For this lesson I departed wildly from the original text...there wasn't much of the colorfully flamboyant language that would appeal to grade school girls. I asked the girls if they remembered our story about the Buddha telling his followers they had it in them to become Buddhas. I told them the followers told their own parable about how that felt. They said it was like you gave us a jewel that we didn't know we had. It's like we discovered we had this treasure that you hid in our robe. (I gave away the story right up front.)

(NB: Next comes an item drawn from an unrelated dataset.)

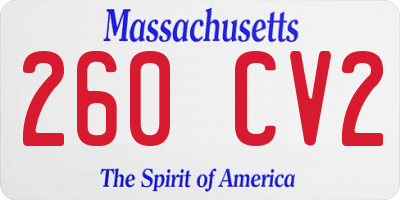 MA license plate 260CV2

Then to demonstrate I told a story about two girls who were friends. (And I used my paper dolls for props.) Not so very long ago, these two girls were best friends, and very well off. Their families were rich and influential. You know, if they had lived a long long time ago, you could say they were princesses. So these girls took care of each other, played together, did everything together. But something happened, and one girl's family lost everything. She went from being a rich girl to a very poor girl, and her family had to move away.

But before they left, the rich friend held a going away party, with lots of food and guests and fun things to do. The poor friend stayed overnight, like a sleepover. She was sleeping in the guest room when, in the middle of the night, her friend tiptoed into the room and slipped a precious jewel into the sleeping girl's bag. The sleeping girl stirred about, and the rich girl thought the other saw her, but really, she was still asleep. The jewel slipped down into the bag, but the gift giver didn't notice that somehow it slipped into the lining.

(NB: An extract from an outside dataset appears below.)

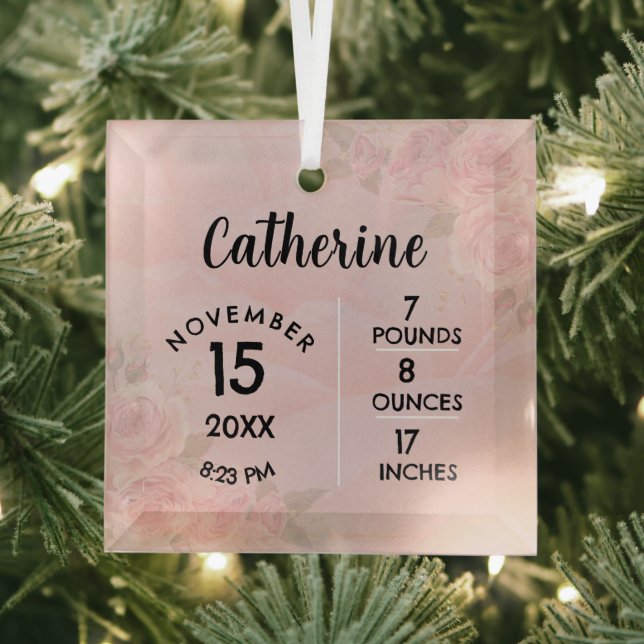 Light Pink Floral Birth Numbers Square Ornament (Insitu)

So the next morning the two friends parted and went their separate ways. Years went by, and the poor girl worked hard all those years. She did good work, but it was difficult. Life used to be easier. Finally, the friends met up again, and they had a great reunion.

The rich friend was concerned. Her best friend from childhood was looking so old and tired. She asked, "Why have you been working so hard, when I gave you this precious jewel? You could have used it."

The hard-working friend replied, "I didn't know I had that, where did you put it?" Together the two women found the jewel, still in the bag that the poor woman used all those years. So, the two went out, and celebrated you know, and she got a party dress for herself. (Transformed doll with party dress. One thing I learned, rehearsal would be good! I didn't play with paper dolls as a girl, and they can be awkward. Early in my lesson I got comments like, "You can see her bra!") So, she still worked. It was a good work that she did. But now she had this treasure, she could know she had this safety, this comfort that could make life go a little easier. And well, with a little more money, she could visit her friend more often.

While passing out the dolls (which I cut out to save time) and the clothes for the girls to color and cut out, I repeated the story's lesson at the beginning. "So you might not think you have this understanding to be a buddha, but it turns out you had it in you all the time. It's like you had this precious jewel that's always there, already there. It gives you the wisdom to be a buddha."

At the end of the lesson, each girl took her rhinestone from the altar home, along with her paper dolls. ...except the girl who doesn't like paper dolls.